LAHORE: The government has decided to fix sugar prices in order to stabilise its rate in the market after action against the sugar mafia failed to impact prices of the commodity, The News reported on Sunday.

The development comes amid surging sugar prices across the country. According to reports, sugar is now being sold for up to Rs110 per kg in different parts of the country.

This despite an early and improved domestic sugar harvest when compared to the one last year and the import of significantly large quantities.

In this regard, a meeting was held under the direction of the federal government, Saturday in the provincial metropolis where it was decided in principle to fix the ex-mill sugar price at around Rs82 per kg.

New prices will at least be lesser by around Rs10-15 per kg

The government wants to ensure reasonable prices before the onset of Ramadan.

A senior official of the Punjab Food Department said that after getting a formal green signal from the federal government, the new price of sugar is expected to be announced by Tuesday.

The announced price will at least be lesser by around Rs10-15 per kg than the prevailing prices of the sweetener.

Read more: Sugar prices skyrocket in the beginning of 2021

There have been efforts made to curb price hike which has been increasing in the country at a time when warehouses are full of the newly manufactured surplus commodity.

Official sources told The News that sugar stocks of mills would be seized if manufacturers do not follow the new price mechanism.

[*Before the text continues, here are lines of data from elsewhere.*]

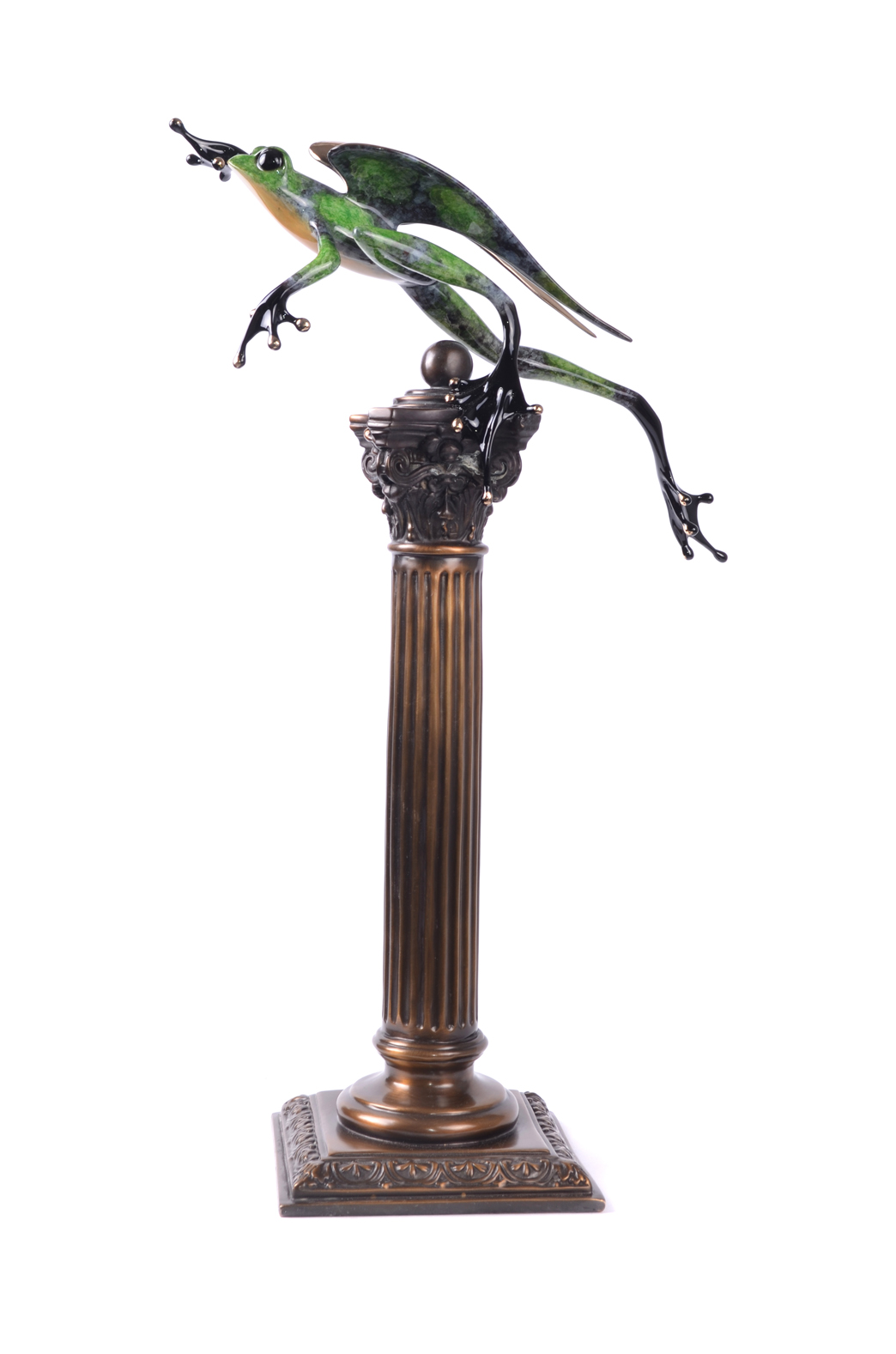 Signed, limited edition bronze winged frog sculpture by Tim Cotterill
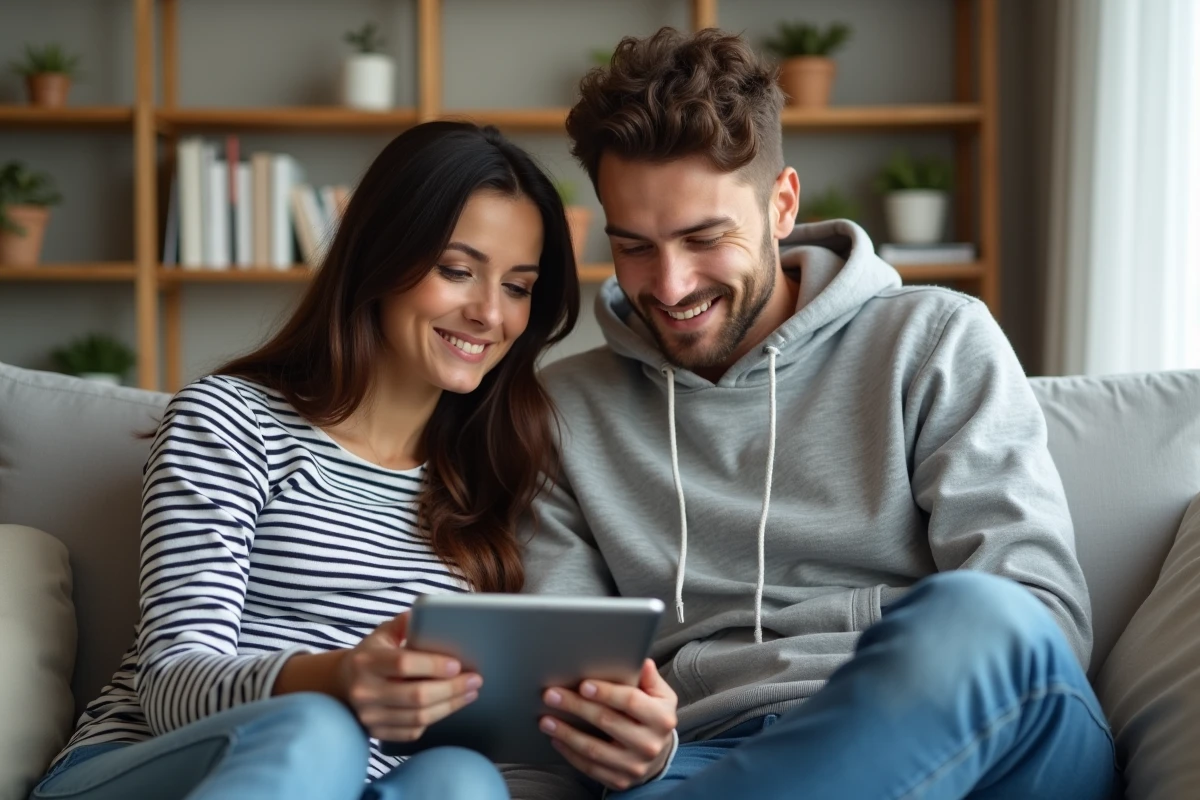 Jeune couple de particuliers consultant un devis BTP en ligne sur tablette depuis leur salon en cours de rénovation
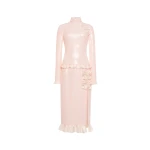 Alessandra Rich Sequin-Embroidered Silk High Neck Midi Dress in Pink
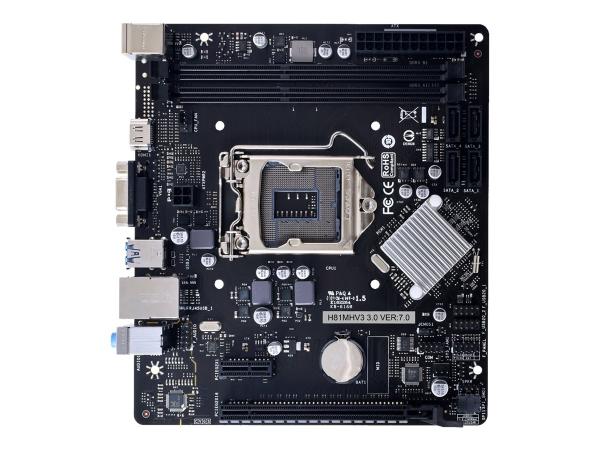 Biostar H81MHV3 3.0 - Motherboard - micro ATX - LGA1150-Sockel - H81 Chipsatz - USB 3.2 Gen 1 - Gigabit LAN - 
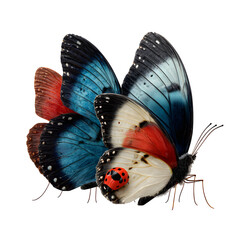 Three butterflies and a ladybug in group composition, balanced spacing, colorful wings with soft edge detail, white-transparent background, macro render style in 8K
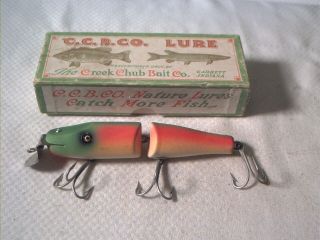 Vintage Old Wood Fishing Lure Creek Chub Jointed Pikie Rainbow Fire Ge W/ Box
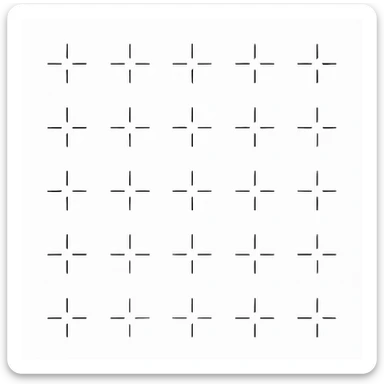 a series of layout markings spaced in an even symmetrical grid, as in camera viewfinder crosshairs. black and white high contrast, precision optics. this is the blank unit high resolution template sticker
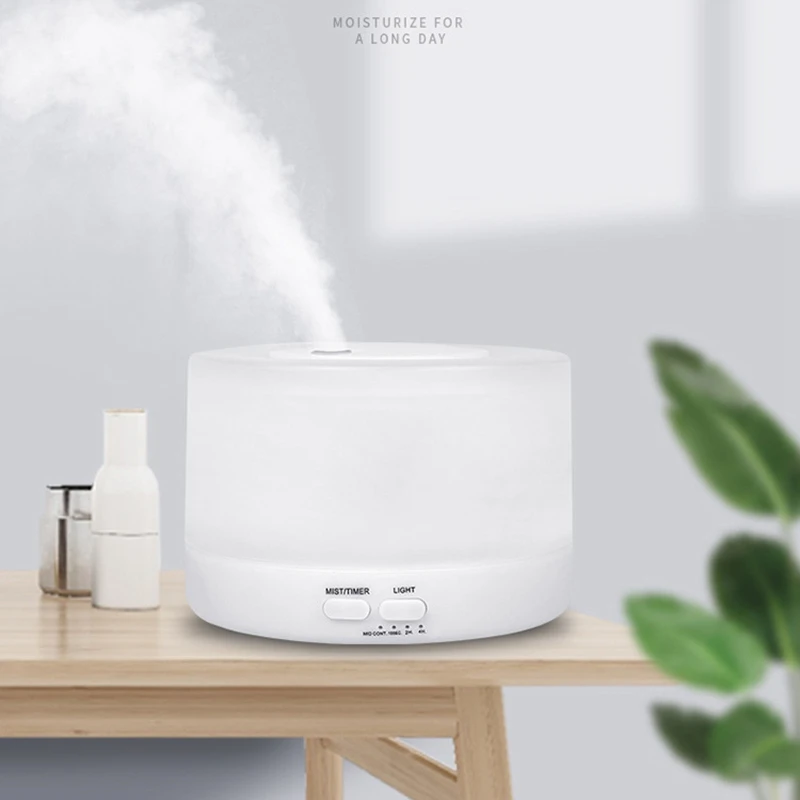 Humidificador de aire de 500ML, difusor de Aroma, niebla de aceite de grano de madera, fabricante de niebla USB, luz LED para coche y hogar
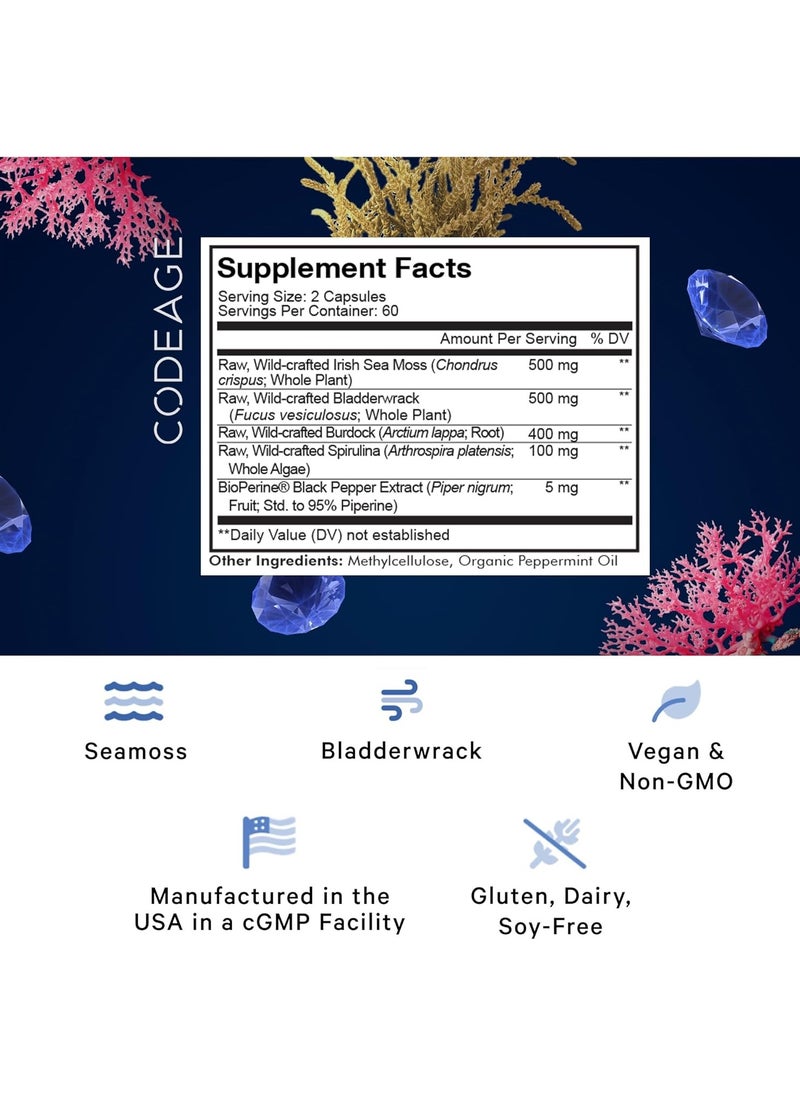 Codeage - Sea Moss Wildcrafted - Irish Sea Moss - Bladderwrack - Burdock Root - Spirulina,Vegan, Non-GMO, 120 Capsules - Image 1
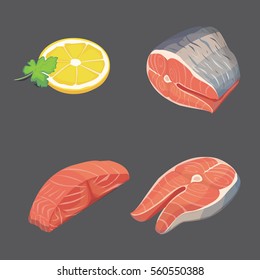 Flat salmon steak and lemon. Fresh organic seafood. Vector illustration.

Following new legal initiatives, the government now has sweeping powers about streamlining the sugar supply chain, said sources.

Direct supply of sugar from mills to markets

Importantly, the provincial government on Saturday took a drastic step for launching a direct supply of sugar from mills to market, bypassing brokers, who were allegedly involved in artificially jacking up the price of sweetener.

“We have made arrangements with certain mills for the supply of sugar directly to several dealers. This process has started and it would greatly help in meeting the demand of sweetener ahead of the holy month of Ramazan,” said officials.

The move comes following reports of sugar unavailability at the retail level in the provincial capital.

Complaints about sugar shortage have been rampant and its price is also on the rise. People complained that they have to pay over Rs110 to Rs115 for buying one kilogram of sugar.

Consumers demand govt to ensure the availability of sugar

The short supply of sugar is being witnessed in the market following a strike by dealers over punitive action by the government against brokers.

This led to the suspension of the supply of sugar to a large extent. Even if sugar is available at some places, the wholesale rate being demanded for the commodity is between Rs104 to Rs106 per kg.

Consumers have demanded the government to ensure the availability of sugar at retail outlets at a reasonable rate after curbing its black marketing.

Meanwhile, the government has blacklisted those sugar mills that have not been able to supply commodities as per conditions of the tender floated by the Trading Corporation of Pakistan (TCP).